=== Section Start ===

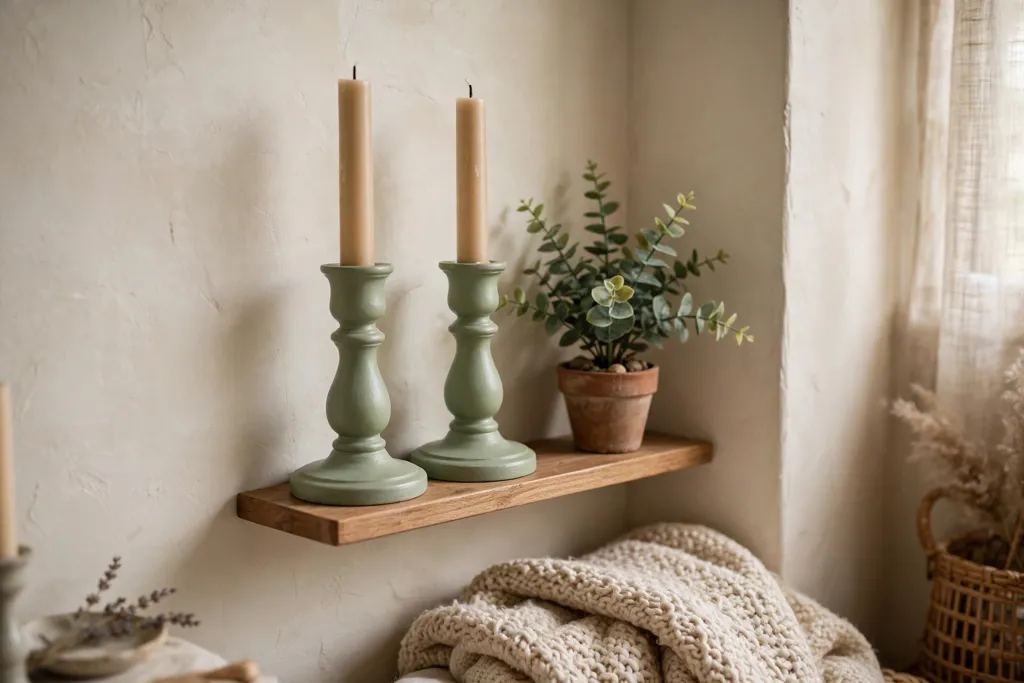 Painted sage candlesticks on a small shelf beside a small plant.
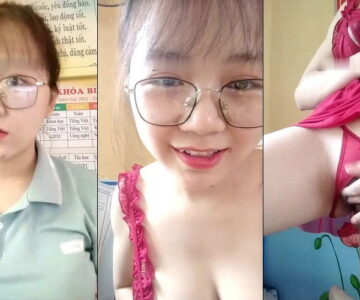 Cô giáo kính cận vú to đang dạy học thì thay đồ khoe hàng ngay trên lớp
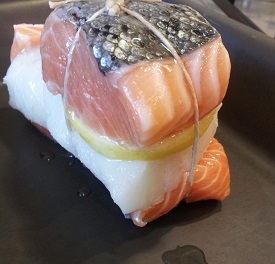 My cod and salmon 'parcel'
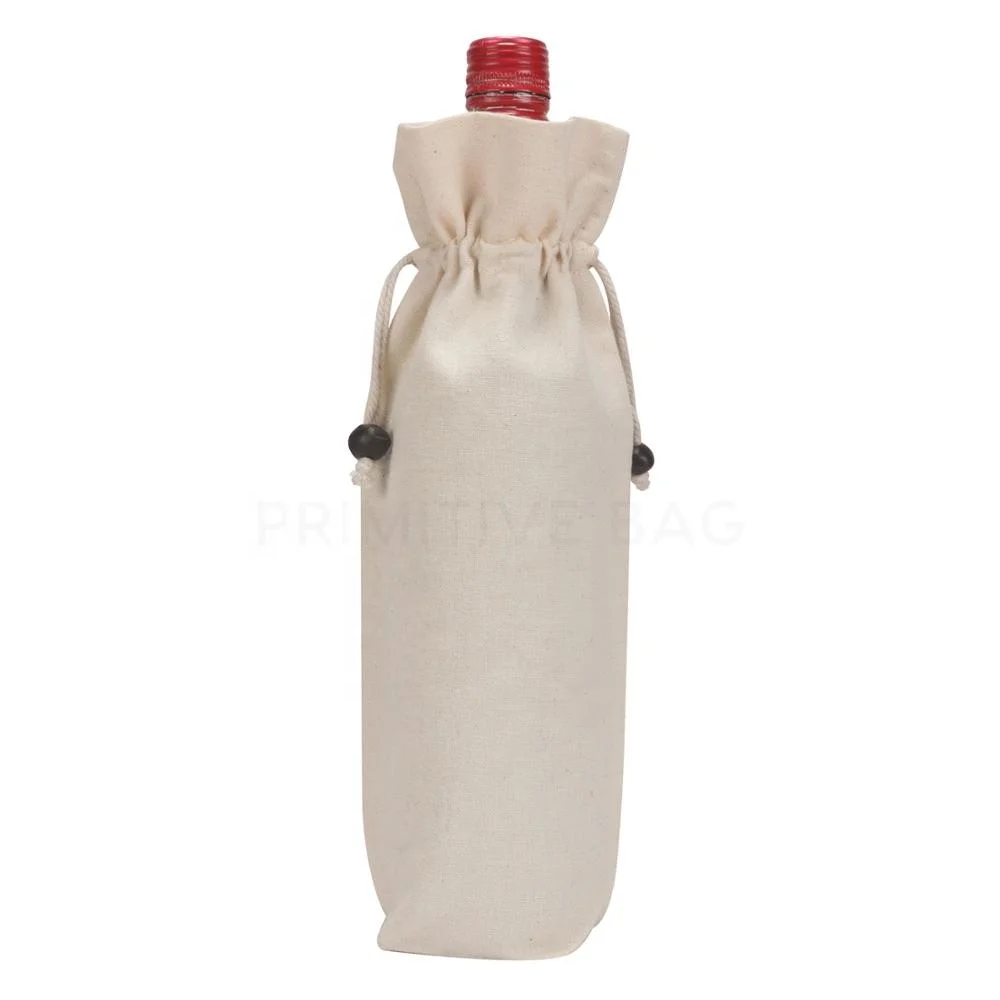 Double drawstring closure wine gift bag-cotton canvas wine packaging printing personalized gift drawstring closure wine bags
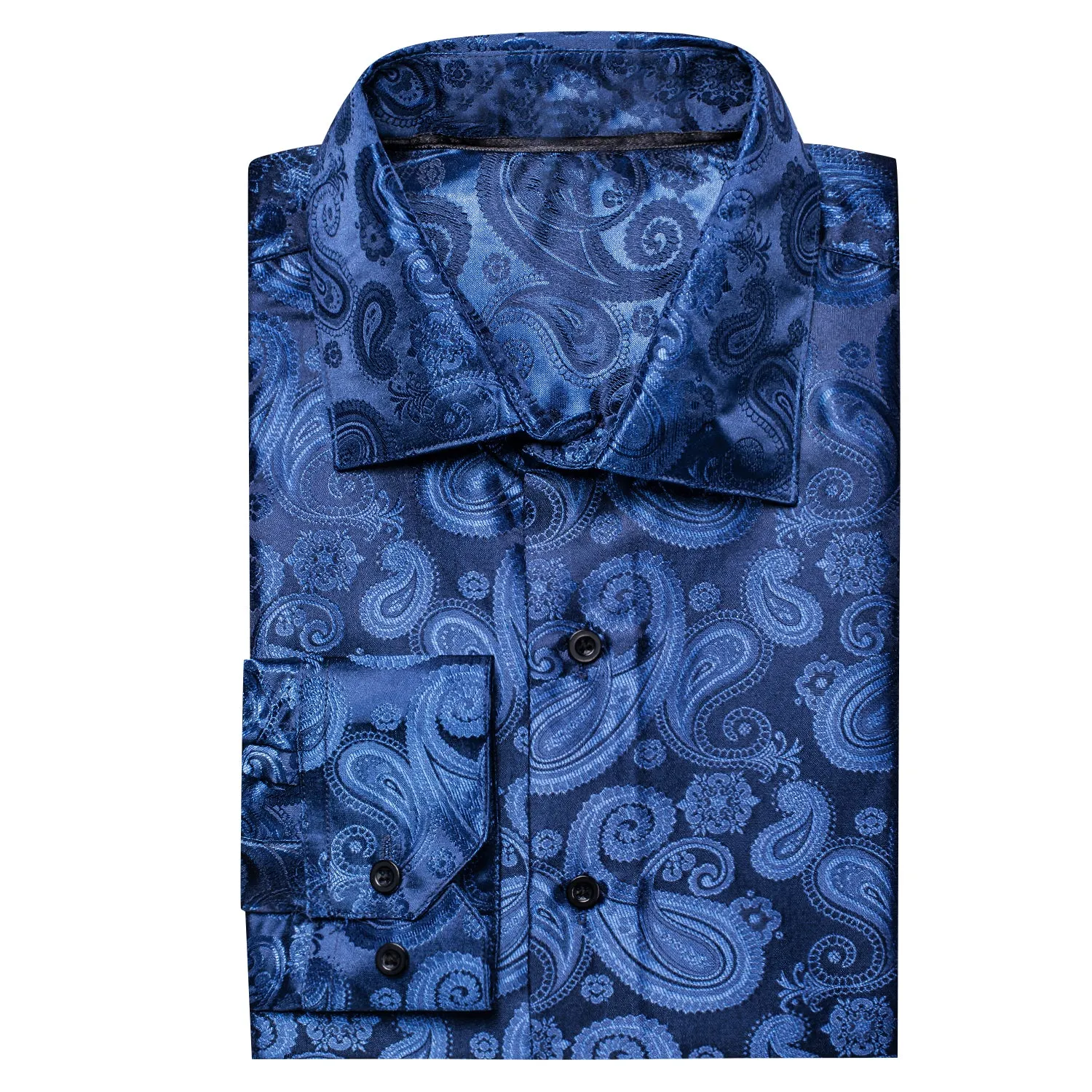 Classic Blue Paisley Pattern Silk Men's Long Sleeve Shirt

=== Section End ===

## WHAT THE TASK REQUIRES
Please repeat everything in the data above except the pictures, exactly as it reads.

## ANSWER SPACE
 Painted sage candlesticks on a small shelf beside a small plant.
 Cô giáo kính cận vú to đang dạy học thì thay đồ khoe hàng ngay trên lớp
 My cod and salmon 'parcel'
 Double drawstring closure wine gift bag-cotton canvas wine packaging printing personalized gift drawstring closure wine bags
 Classic Blue Paisley Pattern Silk Men's Long Sleeve Shirt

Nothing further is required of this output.